Bob Badour - 30 Aug 2007 21:43 GMT >>>>"JOG" <j...@cs.nott.ac.uk> wrote in message >> [quoted text clipped - 202 lines] > Off the top of my head, I'd say record either format and specify in > the set's intension that SSN<-> empID. I was thinking more along the lines of say a schedule relation:
Teacher Room Time Jim 100 4:00pm Bob 100 3:00pm Bob 200 4:00pm Jim 200 3:00pm
It has two candidate keys {Teacher,Time} and {Room,Time}
Neo - 30 Aug 2007 22:42 GMT > Teacher Room Time > Jim 100 4:00pm > Bob 100 3:00pm > Bob 200 4:00pm > Jim 200 3:00pm Below dbd script models above. In addition, Jim, Bob and Brian teach in room 300 at 5:00 pm.
(new 'teacher) (new 'room)
(new 'tuple1 'TeacherRoomTime) (set+ (it) teacher 'jim) (set+ (it) room '100) (set+ (it) time '1600)
(new 'tuple2 'TeacherRoomTime) (set+ (it) teacher 'bob) (set+ (it) room '100) (set+ (it) time '1500)
(new 'tuple3 'TeacherRoomTime) (set+ (it) teacher 'bob) (set+ (it) room '200) (set+ (it) time '1600)
(new 'tuple4 'TeacherRoomTime) (set+ (it) teacher 'jim) (set+ (it) room '200) (set+ (it) time '1500)
(new 'tuple5 'TeacherRoomTime) (set+ (it) teacher 'jim) (set+ (it) teacher 'bob) (set+ (it) teacher 'brian) (set+ (it) room '300) (set+ (it) time '1700)
(; Get teachers for room 300 at time 1700) (; Gets jim, bob and brian) (get (& (get TeacherRoomTime instance *) (get * room 300) (get * time 1700)) teacher *)

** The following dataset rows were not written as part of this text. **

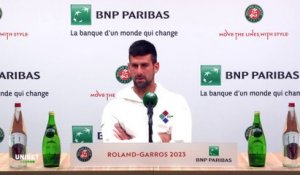 Roland-Garros 2023 - Novak Djokovic et le chiffre 23 : "Bien sûr qu'il y a de la pression"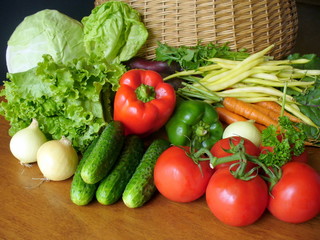 fresh vegetables on a table
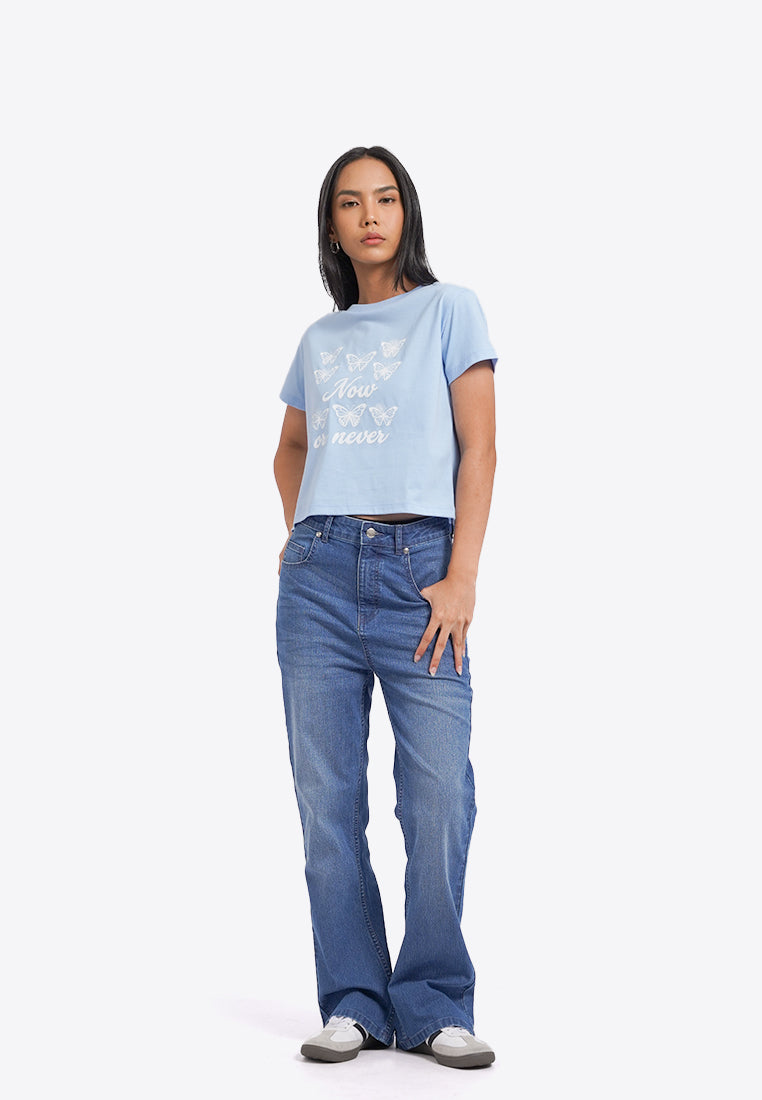 Short Sleeve Graphic Crop T-Shirt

JOG - 30 Aug 2007 23:46 GMT > >>>>"JOG" <j...@cs.nott.ac.uk> wrote in message > [quoted text clipped - 212 lines] > > It has two candidate keys {Teacher,Time} and {Room,Time} Ahhh, the good old irreducible tuple, overlapping superkey example. Its been too long I tell you, too long. A good example. However, theres a much better reasoning against my 'left of the -> is the key' reasoning. I like to call it the 'that makes no sense whatsoever' complaint. Or the 'thats enough whisky for you' retort. I wrote nay but a few posts back:
[P1] Name(x, Jim) -> speaks_language(x, English) [P2] Name(x, Jim) -> speaks_language(x, German)
Name:Jim appears twice as an antecedent. Genius. Hardly a key then. It is an enigmatic soul who manages to disprove himself in his own examples :/
I'm currently standing by the fact that its good to have attribute names explicitly stated though.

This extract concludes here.